Businesses often tackle the issue of abuse by obtaining fleet card products that Simon said have expensive fees for customization, or by manually matching up odometers with transaction data to identify potential anomalies or theft.

With telematics technology quickly gaining traction in the fleet management arena, there are also opportunities for fuel card solutions to integrate with those telematics tools, a capability that Simon said can enable real-time visibility into a vehicle’s status and location and enhance analysis activity in the context of both spend and vehicle data.

Preparing For The Future Of Fleet

Advancements in telematics are ushering in new heights for “smart vehicles,” with the potential to provide all kinds of valuable insights for drivers and fleet managers — especially when coupled with payments data.

But fleet innovations are moving quickly. Self-driving trucks and RFID vehicle tags are changing the landscape both for how fleets make payments, and what they purchase. Even as a young firm, Coast’s roadmap must take these shifts into consideration.

“Today, Coast might help facilitate the purchase of diesel gas that fuels an internal combustion engine,” said Simon. “But with developments in alternative vehicle energy, tomorrow we will be powering the transaction that charges an electric vehicle battery that gets the HVAC installer to his job, or gets the package delivery driver to her destination.”
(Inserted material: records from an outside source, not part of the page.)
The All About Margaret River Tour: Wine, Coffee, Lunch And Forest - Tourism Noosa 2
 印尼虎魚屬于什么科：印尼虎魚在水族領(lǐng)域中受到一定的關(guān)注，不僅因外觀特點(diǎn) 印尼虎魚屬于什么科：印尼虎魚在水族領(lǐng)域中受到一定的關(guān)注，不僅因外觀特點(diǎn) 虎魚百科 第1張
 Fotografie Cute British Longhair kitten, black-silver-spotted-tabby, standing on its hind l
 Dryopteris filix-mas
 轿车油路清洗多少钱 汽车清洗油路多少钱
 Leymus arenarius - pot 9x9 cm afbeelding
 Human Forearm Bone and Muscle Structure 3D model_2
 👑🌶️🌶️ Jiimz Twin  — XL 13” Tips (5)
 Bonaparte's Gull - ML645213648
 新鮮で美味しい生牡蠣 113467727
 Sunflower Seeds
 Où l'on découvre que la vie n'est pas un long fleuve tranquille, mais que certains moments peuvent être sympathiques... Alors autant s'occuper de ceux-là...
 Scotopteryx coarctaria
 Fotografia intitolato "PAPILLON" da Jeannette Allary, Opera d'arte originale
But that evolution won’t come without its hiccups. The infrastructure required to support widespread EV charging will take time to come to fruition — and as Simon highlighted, even today’s traditional gas stations can struggle to modernize. “Quite a few gas pumps still don’t have chip card readers, much less NFC/contactless,” he noted.

But by tackling the fundamental requirements of today’s fleet managers and drivers — universal card acceptance, pricing transparency, spend controls and data integrations — the fleet payments arena can set itself up for a smooth road toward modernization, as telematics, EVs, autonomous vehicles and RFID tags change the fleet driving and fleet transacting landscape.